▸ **DESCRIPTION OF THE TASK**:
Beneath this line are the data; copy exactly the part of them that opens with the line containing "TOFFLE Black Paisley" and closes with the line containing "美容护理前画眉毛的女人图片素材", and only that part.

▸ **RECORDS SUPPLIED**:
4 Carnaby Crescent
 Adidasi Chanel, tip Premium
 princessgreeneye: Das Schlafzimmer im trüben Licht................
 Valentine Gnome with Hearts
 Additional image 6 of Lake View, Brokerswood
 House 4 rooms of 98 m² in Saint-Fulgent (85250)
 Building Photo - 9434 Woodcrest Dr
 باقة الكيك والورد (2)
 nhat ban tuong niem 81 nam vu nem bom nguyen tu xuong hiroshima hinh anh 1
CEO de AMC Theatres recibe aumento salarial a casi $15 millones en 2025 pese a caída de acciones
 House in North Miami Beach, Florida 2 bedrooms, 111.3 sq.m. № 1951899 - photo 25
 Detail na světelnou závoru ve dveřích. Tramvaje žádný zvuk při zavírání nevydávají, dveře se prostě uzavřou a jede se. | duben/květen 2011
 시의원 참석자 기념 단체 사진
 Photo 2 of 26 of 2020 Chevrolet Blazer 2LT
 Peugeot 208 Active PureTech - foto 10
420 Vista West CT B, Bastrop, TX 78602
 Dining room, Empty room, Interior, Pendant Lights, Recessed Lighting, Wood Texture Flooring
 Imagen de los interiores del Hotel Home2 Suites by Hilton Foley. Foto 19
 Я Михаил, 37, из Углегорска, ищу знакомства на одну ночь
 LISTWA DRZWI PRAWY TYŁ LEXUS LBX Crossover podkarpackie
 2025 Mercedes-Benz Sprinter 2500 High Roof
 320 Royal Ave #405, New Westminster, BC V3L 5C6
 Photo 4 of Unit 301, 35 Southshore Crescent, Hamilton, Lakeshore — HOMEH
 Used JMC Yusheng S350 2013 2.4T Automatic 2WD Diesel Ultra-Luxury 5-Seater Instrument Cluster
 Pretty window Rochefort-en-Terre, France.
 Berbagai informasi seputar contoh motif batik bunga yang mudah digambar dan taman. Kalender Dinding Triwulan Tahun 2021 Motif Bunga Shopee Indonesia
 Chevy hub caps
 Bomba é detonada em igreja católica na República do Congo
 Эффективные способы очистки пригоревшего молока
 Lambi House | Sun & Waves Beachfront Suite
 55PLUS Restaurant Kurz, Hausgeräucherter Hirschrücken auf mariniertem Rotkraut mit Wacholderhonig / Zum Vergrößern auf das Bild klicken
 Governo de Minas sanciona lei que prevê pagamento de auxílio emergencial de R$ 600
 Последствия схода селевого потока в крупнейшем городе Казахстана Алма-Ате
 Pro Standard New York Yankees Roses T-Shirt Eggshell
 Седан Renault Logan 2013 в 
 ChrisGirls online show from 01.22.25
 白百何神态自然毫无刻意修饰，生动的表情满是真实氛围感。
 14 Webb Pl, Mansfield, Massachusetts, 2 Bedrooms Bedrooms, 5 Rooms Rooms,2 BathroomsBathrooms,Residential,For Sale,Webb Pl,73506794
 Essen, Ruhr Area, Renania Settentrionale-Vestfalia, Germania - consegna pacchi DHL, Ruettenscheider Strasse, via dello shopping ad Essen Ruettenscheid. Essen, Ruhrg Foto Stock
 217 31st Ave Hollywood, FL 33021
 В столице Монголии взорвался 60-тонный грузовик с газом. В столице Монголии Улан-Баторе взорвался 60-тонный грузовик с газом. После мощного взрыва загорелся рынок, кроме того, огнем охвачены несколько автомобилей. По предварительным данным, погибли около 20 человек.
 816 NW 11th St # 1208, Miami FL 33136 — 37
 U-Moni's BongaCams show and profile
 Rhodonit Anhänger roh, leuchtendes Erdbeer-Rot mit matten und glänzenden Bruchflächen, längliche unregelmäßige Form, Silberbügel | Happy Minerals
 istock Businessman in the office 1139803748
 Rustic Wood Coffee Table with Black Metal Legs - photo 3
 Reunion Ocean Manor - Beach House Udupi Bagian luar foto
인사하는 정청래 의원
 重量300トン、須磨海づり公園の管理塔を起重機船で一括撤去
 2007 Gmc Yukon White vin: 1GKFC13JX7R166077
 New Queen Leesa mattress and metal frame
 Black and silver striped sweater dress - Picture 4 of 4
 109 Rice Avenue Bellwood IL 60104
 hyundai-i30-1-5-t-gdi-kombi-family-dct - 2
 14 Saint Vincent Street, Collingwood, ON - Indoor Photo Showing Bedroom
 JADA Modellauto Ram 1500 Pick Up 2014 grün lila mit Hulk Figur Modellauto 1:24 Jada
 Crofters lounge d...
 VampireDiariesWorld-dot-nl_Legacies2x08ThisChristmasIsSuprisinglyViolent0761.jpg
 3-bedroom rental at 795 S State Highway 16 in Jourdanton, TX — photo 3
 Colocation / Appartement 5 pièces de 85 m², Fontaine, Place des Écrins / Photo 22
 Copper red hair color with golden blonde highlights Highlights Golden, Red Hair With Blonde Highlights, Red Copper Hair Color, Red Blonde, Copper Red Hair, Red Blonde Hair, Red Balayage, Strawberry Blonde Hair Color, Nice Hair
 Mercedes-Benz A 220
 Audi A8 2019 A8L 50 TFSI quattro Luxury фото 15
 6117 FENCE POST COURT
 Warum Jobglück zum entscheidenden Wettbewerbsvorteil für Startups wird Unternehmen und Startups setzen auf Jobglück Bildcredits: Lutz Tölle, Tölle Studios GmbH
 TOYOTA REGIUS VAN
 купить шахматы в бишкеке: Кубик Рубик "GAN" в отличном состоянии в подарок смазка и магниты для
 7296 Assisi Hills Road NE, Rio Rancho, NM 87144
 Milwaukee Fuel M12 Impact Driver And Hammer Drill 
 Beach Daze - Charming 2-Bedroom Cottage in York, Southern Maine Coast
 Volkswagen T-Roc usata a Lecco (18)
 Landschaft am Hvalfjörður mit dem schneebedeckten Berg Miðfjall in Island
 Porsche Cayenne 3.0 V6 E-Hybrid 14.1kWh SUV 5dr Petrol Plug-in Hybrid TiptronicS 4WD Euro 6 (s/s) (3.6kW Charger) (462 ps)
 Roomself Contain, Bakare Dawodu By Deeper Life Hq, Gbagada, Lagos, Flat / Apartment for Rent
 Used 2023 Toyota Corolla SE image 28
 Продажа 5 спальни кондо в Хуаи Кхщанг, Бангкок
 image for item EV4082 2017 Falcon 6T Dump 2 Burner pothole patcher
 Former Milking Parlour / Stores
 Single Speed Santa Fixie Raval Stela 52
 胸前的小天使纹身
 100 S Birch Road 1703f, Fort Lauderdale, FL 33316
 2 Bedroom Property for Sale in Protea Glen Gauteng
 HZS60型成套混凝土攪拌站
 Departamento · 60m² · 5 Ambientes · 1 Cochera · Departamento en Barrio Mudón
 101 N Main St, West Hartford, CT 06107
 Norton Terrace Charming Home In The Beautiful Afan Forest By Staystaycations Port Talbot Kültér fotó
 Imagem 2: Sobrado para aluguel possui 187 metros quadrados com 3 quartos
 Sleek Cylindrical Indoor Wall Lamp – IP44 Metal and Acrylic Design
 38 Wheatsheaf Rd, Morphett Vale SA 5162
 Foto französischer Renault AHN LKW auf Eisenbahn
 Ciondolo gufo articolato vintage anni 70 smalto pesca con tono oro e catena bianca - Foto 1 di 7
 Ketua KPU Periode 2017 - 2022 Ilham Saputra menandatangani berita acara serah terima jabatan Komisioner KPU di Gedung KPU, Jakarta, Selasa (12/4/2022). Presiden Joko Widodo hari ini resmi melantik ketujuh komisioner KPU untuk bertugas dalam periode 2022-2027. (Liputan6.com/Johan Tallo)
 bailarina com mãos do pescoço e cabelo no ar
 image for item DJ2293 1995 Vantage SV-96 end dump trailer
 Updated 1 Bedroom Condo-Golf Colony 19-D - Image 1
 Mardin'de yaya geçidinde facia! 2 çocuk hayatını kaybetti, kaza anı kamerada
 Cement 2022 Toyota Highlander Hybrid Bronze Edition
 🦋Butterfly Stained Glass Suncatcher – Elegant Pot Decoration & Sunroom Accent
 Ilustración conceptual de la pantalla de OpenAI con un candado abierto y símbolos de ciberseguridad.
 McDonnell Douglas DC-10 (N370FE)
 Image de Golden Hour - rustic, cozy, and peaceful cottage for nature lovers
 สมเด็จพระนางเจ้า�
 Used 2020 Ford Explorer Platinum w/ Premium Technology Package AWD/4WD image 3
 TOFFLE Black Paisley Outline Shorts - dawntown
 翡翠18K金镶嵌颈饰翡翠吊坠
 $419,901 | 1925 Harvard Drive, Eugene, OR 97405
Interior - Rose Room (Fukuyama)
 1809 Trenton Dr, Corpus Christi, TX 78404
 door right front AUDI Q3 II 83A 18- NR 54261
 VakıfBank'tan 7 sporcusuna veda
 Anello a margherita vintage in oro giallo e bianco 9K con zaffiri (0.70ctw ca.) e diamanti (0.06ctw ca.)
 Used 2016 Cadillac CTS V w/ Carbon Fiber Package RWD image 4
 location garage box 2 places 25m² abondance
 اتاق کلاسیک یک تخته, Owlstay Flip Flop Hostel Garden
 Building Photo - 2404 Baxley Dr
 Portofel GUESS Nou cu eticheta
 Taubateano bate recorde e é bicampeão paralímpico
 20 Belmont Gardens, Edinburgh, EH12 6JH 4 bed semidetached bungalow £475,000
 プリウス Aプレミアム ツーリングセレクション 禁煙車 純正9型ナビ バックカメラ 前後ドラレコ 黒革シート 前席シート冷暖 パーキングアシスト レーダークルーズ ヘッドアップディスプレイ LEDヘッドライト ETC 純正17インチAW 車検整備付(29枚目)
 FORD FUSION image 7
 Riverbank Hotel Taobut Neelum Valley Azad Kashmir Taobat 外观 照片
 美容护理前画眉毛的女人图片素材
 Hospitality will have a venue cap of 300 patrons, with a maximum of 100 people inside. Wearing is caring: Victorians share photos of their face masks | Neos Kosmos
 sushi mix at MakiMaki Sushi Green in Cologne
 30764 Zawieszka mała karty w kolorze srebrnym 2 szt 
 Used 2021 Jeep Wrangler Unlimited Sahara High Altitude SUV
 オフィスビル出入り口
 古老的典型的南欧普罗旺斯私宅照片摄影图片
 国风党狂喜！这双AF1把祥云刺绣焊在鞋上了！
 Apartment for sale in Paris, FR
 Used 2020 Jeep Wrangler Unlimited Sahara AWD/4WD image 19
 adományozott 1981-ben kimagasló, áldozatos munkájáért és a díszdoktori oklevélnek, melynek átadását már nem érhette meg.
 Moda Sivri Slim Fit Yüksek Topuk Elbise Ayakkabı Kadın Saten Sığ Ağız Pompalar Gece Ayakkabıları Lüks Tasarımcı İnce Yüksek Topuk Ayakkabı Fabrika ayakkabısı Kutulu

▸ **REPLY**:
 TOFFLE Black Paisley Outline Shorts - dawntown
 翡翠18K金镶嵌颈饰翡翠吊坠
 $419,901 | 1925 Harvard Drive, Eugene, OR 97405
Interior - Rose Room (Fukuyama)
 1809 Trenton Dr, Corpus Christi, TX 78404
 door right front AUDI Q3 II 83A 18- NR 54261
 VakıfBank'tan 7 sporcusuna veda
 Anello a margherita vintage in oro giallo e bianco 9K con zaffiri (0.70ctw ca.) e diamanti (0.06ctw ca.)
 Used 2016 Cadillac CTS V w/ Carbon Fiber Package RWD image 4
 location garage box 2 places 25m² abondance
 اتاق کلاسیک یک تخته, Owlstay Flip Flop Hostel Garden
 Building Photo - 2404 Baxley Dr
 Portofel GUESS Nou cu eticheta
 Taubateano bate recorde e é bicampeão paralímpico
 20 Belmont Gardens, Edinburgh, EH12 6JH 4 bed semidetached bungalow £475,000
 プリウス Aプレミアム ツーリングセレクション 禁煙車 純正9型ナビ バックカメラ 前後ドラレコ 黒革シート 前席シート冷暖 パーキングアシスト レーダークルーズ ヘッドアップディスプレイ LEDヘッドライト ETC 純正17インチAW 車検整備付(29枚目)
 FORD FUSION image 7
 Riverbank Hotel Taobut Neelum Valley Azad Kashmir Taobat 外观 照片
 美容护理前画眉毛的女人图片素材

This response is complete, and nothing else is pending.